Oblivious to the attention his speech gets, Toto juggles his days criticizing his mother’s transient love life and providing moral support to her ailing aspiration to become a Japayuki – a female entertainer in Japan.
The boy must also, on a day to day basis, try to elude the neighborhood bully, Badong and help a chronic stray deaf boy (Ogoy) find his way home. There’s also his struggle with his class adviser, Miss Dimaculangan, who fully believes that the boy needs to be coddled and given special treatment by merit of his facial and verbal malformation.
Though the teacher’s brand of compassion might suit others, for Toto – a boy who grew up equipped with the understanding that he is just like everyone else – no more, no less, this segregation, as he would put it, is downright discriminatory.
So it was no surprise to anyone that one day, the boy challenges his teacher after being excluded from a very important class song.
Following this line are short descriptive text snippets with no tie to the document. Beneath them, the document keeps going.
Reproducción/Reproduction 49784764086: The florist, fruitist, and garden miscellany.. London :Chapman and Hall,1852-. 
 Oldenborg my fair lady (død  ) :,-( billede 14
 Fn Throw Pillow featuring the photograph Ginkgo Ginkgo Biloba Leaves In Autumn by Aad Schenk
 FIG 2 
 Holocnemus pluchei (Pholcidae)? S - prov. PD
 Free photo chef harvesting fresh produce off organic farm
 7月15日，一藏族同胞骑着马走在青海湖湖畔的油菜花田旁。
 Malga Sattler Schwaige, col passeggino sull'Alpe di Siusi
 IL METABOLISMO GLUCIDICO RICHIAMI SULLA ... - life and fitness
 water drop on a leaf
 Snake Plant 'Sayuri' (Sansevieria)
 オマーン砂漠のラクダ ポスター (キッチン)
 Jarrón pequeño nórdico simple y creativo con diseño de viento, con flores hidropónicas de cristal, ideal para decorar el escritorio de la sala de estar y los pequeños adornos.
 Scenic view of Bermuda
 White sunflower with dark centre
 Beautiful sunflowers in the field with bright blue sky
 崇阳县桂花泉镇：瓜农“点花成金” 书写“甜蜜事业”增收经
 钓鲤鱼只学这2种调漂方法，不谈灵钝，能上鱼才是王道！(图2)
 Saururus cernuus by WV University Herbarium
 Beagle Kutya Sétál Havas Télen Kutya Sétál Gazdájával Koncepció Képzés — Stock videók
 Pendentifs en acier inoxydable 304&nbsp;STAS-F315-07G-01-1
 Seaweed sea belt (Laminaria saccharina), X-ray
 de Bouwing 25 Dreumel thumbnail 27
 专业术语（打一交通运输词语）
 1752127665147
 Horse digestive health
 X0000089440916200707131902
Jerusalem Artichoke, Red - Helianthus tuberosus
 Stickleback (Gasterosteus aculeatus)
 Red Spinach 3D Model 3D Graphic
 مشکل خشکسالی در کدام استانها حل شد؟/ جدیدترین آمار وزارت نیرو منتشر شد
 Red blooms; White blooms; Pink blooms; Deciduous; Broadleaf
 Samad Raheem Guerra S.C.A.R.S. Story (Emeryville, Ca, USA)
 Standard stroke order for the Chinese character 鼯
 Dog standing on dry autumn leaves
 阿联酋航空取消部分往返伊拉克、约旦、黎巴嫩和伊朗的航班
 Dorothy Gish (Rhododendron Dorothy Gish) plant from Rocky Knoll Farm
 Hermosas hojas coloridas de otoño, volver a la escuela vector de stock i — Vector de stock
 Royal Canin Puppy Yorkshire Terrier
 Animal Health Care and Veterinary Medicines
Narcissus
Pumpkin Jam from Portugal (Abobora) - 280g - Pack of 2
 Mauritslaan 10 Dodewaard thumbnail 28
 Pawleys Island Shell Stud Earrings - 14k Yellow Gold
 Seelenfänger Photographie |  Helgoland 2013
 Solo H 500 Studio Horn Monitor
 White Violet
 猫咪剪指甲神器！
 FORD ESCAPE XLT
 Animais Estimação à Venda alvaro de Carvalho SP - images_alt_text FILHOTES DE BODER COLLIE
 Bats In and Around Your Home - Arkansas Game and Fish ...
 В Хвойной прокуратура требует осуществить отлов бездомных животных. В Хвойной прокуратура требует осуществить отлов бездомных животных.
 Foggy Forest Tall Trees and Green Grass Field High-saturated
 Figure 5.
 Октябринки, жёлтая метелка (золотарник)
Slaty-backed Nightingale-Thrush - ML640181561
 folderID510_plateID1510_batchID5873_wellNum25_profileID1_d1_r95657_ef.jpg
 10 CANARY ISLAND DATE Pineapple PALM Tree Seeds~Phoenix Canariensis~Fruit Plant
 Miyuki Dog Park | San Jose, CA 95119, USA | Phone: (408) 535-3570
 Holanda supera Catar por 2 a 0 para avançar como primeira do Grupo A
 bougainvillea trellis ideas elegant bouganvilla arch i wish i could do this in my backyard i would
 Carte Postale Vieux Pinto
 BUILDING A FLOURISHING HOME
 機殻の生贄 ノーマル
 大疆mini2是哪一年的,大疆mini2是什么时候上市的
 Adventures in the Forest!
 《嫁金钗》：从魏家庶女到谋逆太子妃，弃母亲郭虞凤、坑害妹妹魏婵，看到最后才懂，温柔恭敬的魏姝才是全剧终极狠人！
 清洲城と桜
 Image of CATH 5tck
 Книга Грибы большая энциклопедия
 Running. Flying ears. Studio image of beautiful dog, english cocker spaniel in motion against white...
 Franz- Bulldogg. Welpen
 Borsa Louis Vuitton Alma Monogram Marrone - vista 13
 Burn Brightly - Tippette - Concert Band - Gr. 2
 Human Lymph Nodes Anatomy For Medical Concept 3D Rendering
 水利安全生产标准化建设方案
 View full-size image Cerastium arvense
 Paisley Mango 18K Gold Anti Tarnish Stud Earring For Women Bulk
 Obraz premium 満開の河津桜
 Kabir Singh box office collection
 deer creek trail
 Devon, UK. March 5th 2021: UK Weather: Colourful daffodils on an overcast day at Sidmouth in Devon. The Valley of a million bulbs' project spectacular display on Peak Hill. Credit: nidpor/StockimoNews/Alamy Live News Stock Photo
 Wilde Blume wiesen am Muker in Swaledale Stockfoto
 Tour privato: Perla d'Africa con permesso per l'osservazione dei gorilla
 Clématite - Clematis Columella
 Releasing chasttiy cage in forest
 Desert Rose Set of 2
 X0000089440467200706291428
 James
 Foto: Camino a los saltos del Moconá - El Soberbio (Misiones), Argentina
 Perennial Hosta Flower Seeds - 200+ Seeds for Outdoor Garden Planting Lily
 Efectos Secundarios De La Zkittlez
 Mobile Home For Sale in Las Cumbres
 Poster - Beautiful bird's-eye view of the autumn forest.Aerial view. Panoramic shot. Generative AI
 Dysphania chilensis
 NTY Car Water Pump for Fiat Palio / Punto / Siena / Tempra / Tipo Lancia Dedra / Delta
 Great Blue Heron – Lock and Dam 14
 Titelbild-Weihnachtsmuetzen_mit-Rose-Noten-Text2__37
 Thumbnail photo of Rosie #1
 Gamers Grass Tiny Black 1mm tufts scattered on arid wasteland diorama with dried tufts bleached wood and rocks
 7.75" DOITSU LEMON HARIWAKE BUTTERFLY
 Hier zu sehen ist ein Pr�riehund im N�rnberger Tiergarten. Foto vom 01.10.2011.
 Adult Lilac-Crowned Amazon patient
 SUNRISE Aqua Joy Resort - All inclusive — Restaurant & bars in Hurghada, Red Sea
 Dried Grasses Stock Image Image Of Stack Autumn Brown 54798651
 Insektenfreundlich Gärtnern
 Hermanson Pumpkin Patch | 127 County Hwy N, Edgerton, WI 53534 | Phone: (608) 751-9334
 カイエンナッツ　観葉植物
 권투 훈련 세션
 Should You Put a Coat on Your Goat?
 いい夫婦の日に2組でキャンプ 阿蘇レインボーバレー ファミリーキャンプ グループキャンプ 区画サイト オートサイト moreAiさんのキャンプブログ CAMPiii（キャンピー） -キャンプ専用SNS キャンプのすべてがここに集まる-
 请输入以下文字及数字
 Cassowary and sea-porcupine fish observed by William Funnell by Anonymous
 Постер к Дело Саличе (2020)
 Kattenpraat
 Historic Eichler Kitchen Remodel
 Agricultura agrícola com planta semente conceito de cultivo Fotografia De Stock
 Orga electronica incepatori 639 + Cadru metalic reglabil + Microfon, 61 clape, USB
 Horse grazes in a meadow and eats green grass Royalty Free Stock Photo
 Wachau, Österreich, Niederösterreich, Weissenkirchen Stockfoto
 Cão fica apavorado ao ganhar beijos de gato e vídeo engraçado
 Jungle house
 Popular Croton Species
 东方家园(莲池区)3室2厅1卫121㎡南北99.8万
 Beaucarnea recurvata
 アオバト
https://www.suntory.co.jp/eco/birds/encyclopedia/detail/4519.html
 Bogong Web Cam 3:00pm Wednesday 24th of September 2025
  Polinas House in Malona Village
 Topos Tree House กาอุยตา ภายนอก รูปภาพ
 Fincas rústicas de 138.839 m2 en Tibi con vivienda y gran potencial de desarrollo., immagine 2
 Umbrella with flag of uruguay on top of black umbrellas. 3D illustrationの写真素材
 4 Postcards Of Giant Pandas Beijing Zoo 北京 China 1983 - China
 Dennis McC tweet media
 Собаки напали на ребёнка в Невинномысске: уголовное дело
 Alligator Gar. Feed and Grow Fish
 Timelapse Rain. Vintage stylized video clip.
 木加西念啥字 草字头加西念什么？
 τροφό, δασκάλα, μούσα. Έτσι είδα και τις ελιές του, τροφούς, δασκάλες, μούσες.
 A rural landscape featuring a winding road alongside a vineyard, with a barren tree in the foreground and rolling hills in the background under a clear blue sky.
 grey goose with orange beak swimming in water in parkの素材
An altercation that he wins hands down.
But things take a turn when the boy changes his mind and jumps on the prospect of competing on his school’s creative declamation competition – a contest of narrative drama and eloquence set on the very high-profiled Linggo ng Wika (National Language Week) celebration.
While Ms. Dimaculangan convinces herself that this new development poses a much bigger problem, Toto’s mother sees this as an opportunity for her son to shine.
With the help of his mother’s new fling, Dindo and her Japayuki friends, plus the support of the boy’s new found friends – a stray boy and a bully, Toto does manage to shine, quite brilliantly, in more ways than one.
CHARACTERS (Mga Tauhan)







Toto, Badong, Ogoy, Glenda, Ruby, Ms. Dimaculangan and Dindo
PRODUCTION STAFF
DIRECTOR’S STATEMENT
With Nono, I hope to tell a story about a little boy who thrives and shines by being different. Toto, our main character, is after all, a boy with a harelip. Instead of compounding the subject of physical malformation in the expected dreary, brooding narrative, I hope to provide a bright, whimsical but equally meaningful alternative that celebrates this particular physical condition as a source of inspiration rather than an antecedent to one’s misery.
More than anything else, Nono will be a story about a Filipino family – about a community that directly or indirectly mold the life of a little boy who possesses a willful, generous spirit.